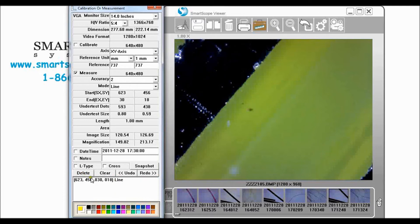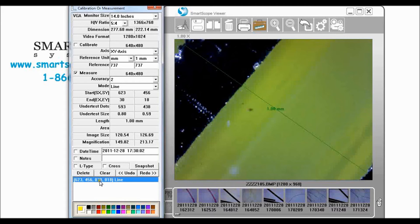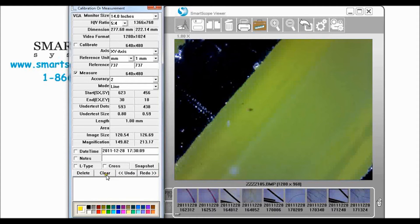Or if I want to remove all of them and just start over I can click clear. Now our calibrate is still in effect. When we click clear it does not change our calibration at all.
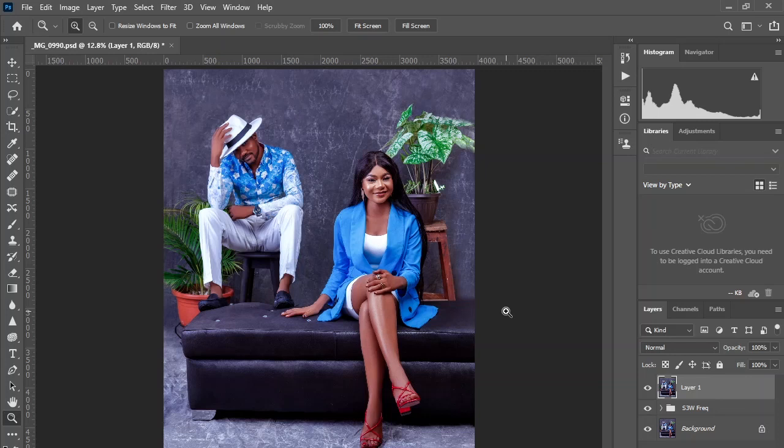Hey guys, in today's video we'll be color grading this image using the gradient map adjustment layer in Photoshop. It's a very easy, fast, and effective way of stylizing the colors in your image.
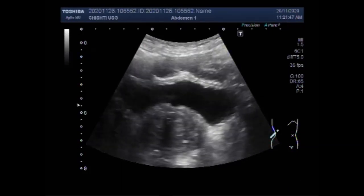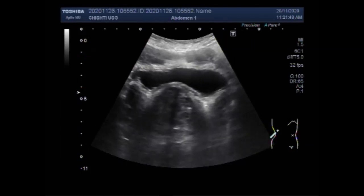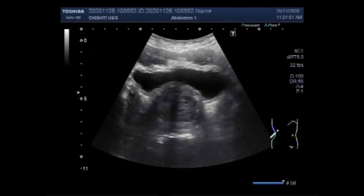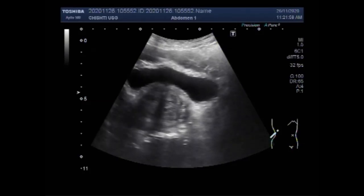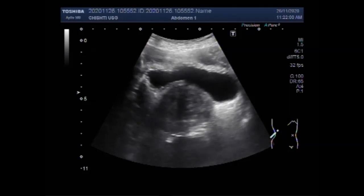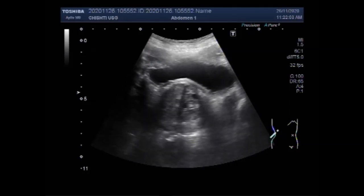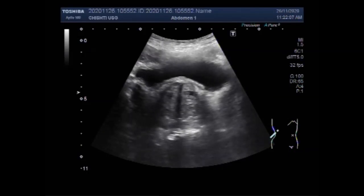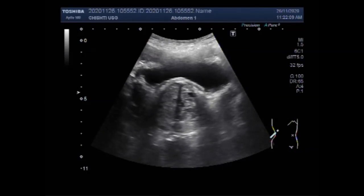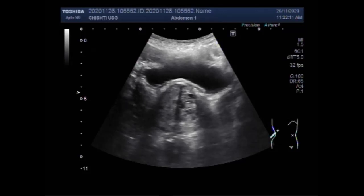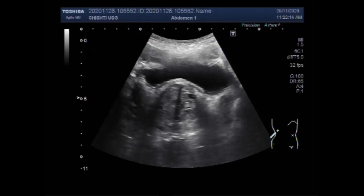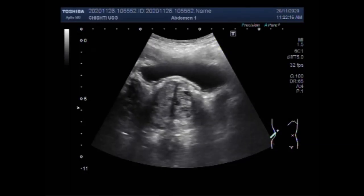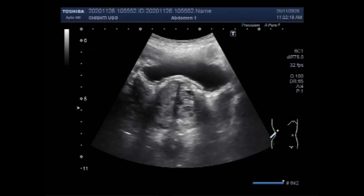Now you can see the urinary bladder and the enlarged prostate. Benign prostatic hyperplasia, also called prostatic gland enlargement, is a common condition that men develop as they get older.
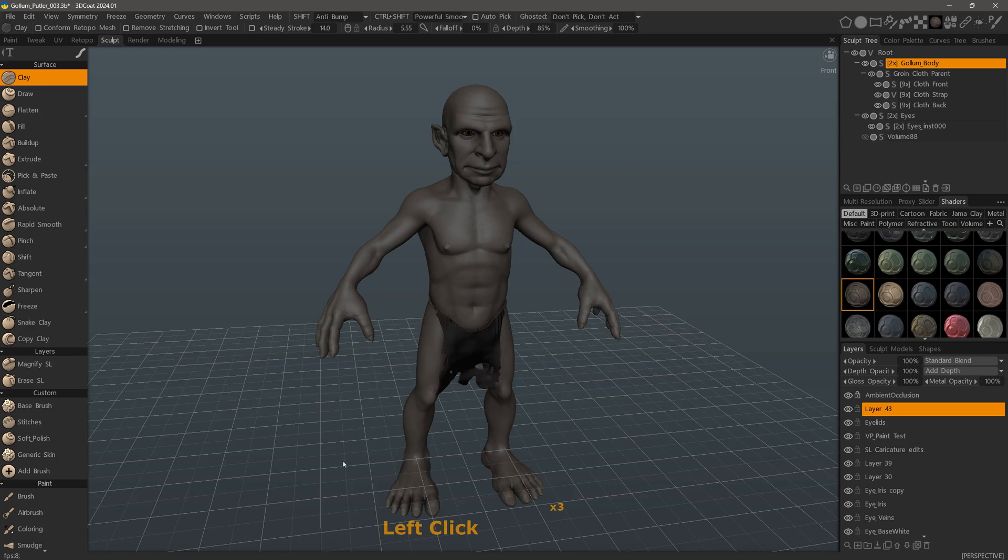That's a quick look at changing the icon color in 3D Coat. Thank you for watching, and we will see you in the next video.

□ □ □

PROBLEM DETAILS:
Apart from the images, print all the material above exactly as given.

WRITTEN RESPONSE:
Or if I want to remove all of them and just start over I can click clear. Now our calibrate is still in effect. When we click clear it does not change our calibration at all.
Hey guys, in today's video we'll be color grading this image using the gradient map adjustment layer in Photoshop. It's a very easy, fast, and effective way of stylizing the colors in your image.
Now you can see the urinary bladder and the enlarged prostate. Benign prostatic hyperplasia, also called prostatic gland enlargement, is a common condition that men develop as they get older.
That's a quick look at changing the icon color in 3D Coat. Thank you for watching, and we will see you in the next video.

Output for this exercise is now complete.